🤖 AI Summary
To address critical challenges in real-world mobile GUI environments—including perceptual ambiguity, inaccurate element localization, and weak reasoning capabilities—this paper proposes a general-purpose mobile GUI agent framework. Methodologically, it introduces a fine-grained vision–semantics multimodal alignment mechanism and a unified discrete action space, underpinned by a meta-planning reasoning architecture; incorporates a spatially enhanced composite reward function and a dual-filter reinforcement learning fine-tuning strategy; and establishes an automated data pipeline for crawling, annotation, and continual pretraining. Evaluated on the proprietary Magic-RICH benchmark and over ten public GUI navigation tasks, the proposed method achieves state-of-the-art performance across all benchmarks.
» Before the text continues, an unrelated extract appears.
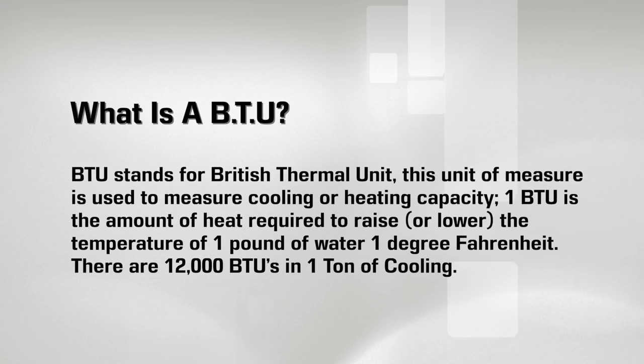One BTU is the amount of heat required to raise or lower the temperature of one pound of water one degree Fahrenheit. There are 12,000 BTUs in one ton of cooling.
It significantly improves generalization and robustness on complex, dynamic interfaces and enhances practical deployability on mobile devices. This work establishes a scalable, end-to-end technical paradigm for embodied intelligent agents in mobile GUI settings.
📝 Abstract
This paper presents MagicGUI, a foundational mobile GUI agent designed to address critical challenges in perception, grounding, and reasoning within real-world mobile GUI environments. The framework is underpinned by following six key components: (1) a comprehensive and accurate dataset, constructed via the scalable GUI Data Pipeline, which aggregates the largest and most diverse GUI-centric multimodal data to date from open-source repositories, automated crawling, and targeted manual annotation; (2) enhanced perception and grounding capabilities, facilitating fine-grained multimodal alignment for UI element referencing, grounding, and screen comprehension; (3) a comprehensive and unified action space, encompassing both fundamental UI operations and complex interactive intents to support human-agent interactions; (4) planning-oriented reasoning mechanisms that enable the model to decompose complex user instructions into sequential actions with explicit intermediate meta-paln reasoning; (5) an iterative two-stage training procedure, combining large-scale continue pre-training on 7.8M samples with reinforcement fine-tuning utilizing a spatially enhanced composite reward and dual filtering strategy; and (6) competitive performance on both the proprietary Magic-RICH benchmark and over a dozen public benchmarks, achieving superior performance across GUI perception and agent tasks, while demonstrating robust generalization and real-world deployment potential in practical mobile GUI scenarios, as detailed in Figure 1.